The answer is a stretch of the material below, returned exactly: the line containing "Inviting secondary bedroom", the line containing "Boy tinkering a", and all lines between.
(Input data)
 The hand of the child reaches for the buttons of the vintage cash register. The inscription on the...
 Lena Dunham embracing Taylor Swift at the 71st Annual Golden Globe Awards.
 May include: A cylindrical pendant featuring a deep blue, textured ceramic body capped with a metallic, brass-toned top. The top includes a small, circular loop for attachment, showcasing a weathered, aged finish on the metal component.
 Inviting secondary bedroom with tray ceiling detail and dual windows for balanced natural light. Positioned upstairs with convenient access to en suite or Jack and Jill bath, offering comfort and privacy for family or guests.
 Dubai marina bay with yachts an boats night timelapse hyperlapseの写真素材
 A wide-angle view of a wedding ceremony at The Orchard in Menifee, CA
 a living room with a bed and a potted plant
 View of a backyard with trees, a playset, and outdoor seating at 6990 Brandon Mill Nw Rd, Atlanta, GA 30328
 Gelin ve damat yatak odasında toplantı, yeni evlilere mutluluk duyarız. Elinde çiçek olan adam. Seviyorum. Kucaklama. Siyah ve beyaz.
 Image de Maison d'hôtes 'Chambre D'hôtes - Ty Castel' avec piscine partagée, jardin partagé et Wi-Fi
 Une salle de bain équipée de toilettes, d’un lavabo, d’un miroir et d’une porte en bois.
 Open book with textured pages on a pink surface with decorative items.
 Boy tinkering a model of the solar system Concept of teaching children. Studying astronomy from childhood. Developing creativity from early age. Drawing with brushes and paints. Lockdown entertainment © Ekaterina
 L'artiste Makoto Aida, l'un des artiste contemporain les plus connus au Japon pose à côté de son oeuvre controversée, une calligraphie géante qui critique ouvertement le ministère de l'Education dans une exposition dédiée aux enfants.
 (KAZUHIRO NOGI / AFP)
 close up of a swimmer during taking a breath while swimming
(End Input data)
** Exercise result **
 Inviting secondary bedroom with tray ceiling detail and dual windows for balanced natural light. Positioned upstairs with convenient access to en suite or Jack and Jill bath, offering comfort and privacy for family or guests.
 Dubai marina bay with yachts an boats night timelapse hyperlapseの写真素材
 A wide-angle view of a wedding ceremony at The Orchard in Menifee, CA
 a living room with a bed and a potted plant
 View of a backyard with trees, a playset, and outdoor seating at 6990 Brandon Mill Nw Rd, Atlanta, GA 30328
 Gelin ve damat yatak odasında toplantı, yeni evlilere mutluluk duyarız. Elinde çiçek olan adam. Seviyorum. Kucaklama. Siyah ve beyaz.
 Image de Maison d'hôtes 'Chambre D'hôtes - Ty Castel' avec piscine partagée, jardin partagé et Wi-Fi
 Une salle de bain équipée de toilettes, d’un lavabo, d’un miroir et d’une porte en bois.
 Open book with textured pages on a pink surface with decorative items.
 Boy tinkering a model of the solar system Concept of teaching children. Studying astronomy from childhood. Developing creativity from early age. Drawing with brushes and paints. Lockdown entertainment © Ekaterina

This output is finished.